### DATA PROVIDED
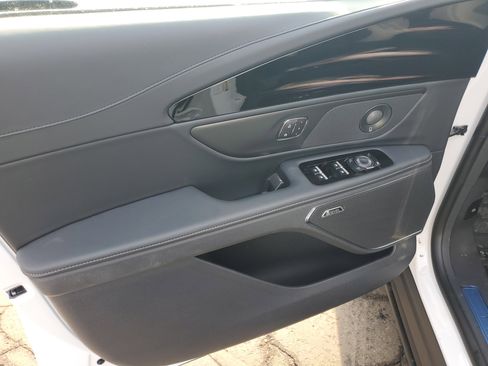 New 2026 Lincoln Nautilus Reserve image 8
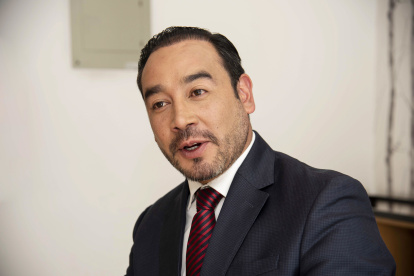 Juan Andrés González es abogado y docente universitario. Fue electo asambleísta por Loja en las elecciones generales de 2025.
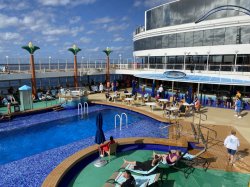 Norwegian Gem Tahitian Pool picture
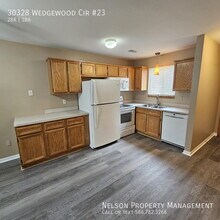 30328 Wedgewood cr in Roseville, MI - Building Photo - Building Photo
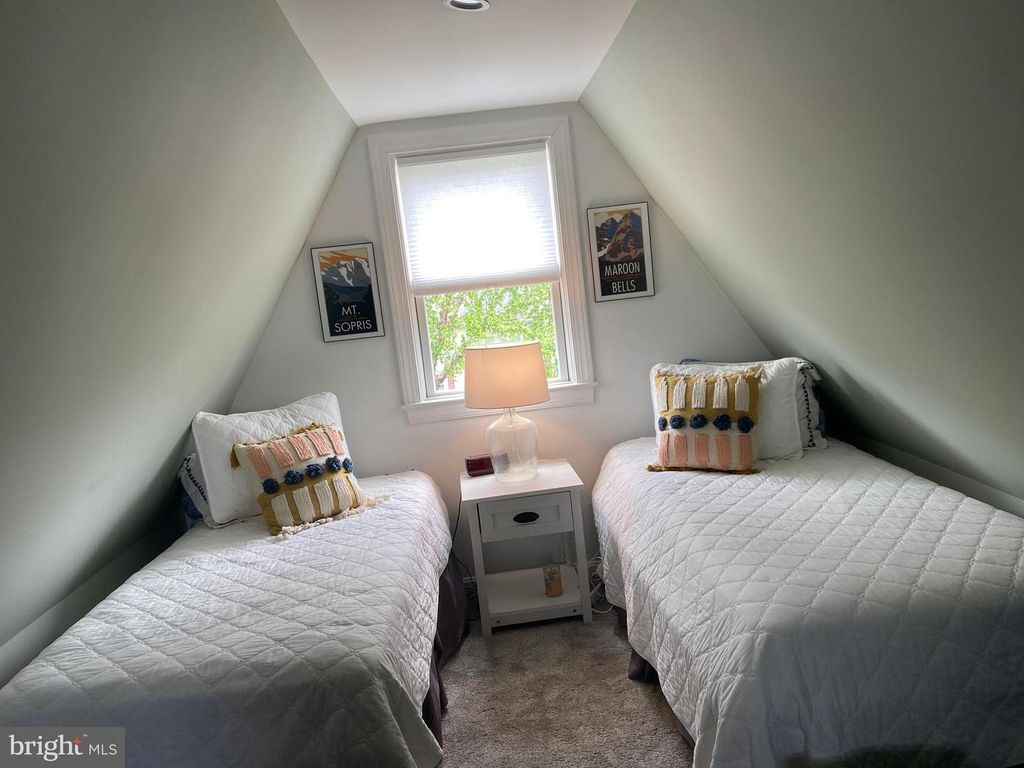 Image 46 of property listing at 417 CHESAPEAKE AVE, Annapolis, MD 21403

...

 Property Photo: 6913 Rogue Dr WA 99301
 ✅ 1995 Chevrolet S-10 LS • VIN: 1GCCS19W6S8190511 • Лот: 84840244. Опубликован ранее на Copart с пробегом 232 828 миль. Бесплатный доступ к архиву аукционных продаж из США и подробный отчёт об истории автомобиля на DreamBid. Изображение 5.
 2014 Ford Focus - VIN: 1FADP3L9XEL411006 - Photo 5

### WHAT THE TASK ASKS
In the listing above, find the line with "30328 Wedgewood cr" and output it and every line after it up to and including the line with "Image 46 of", exactly, minus the pictures.

### EXPECTED ANSWER
 30328 Wedgewood cr in Roseville, MI - Building Photo - Building Photo
 Image 46 of property listing at 417 CHESAPEAKE AVE, Annapolis, MD 21403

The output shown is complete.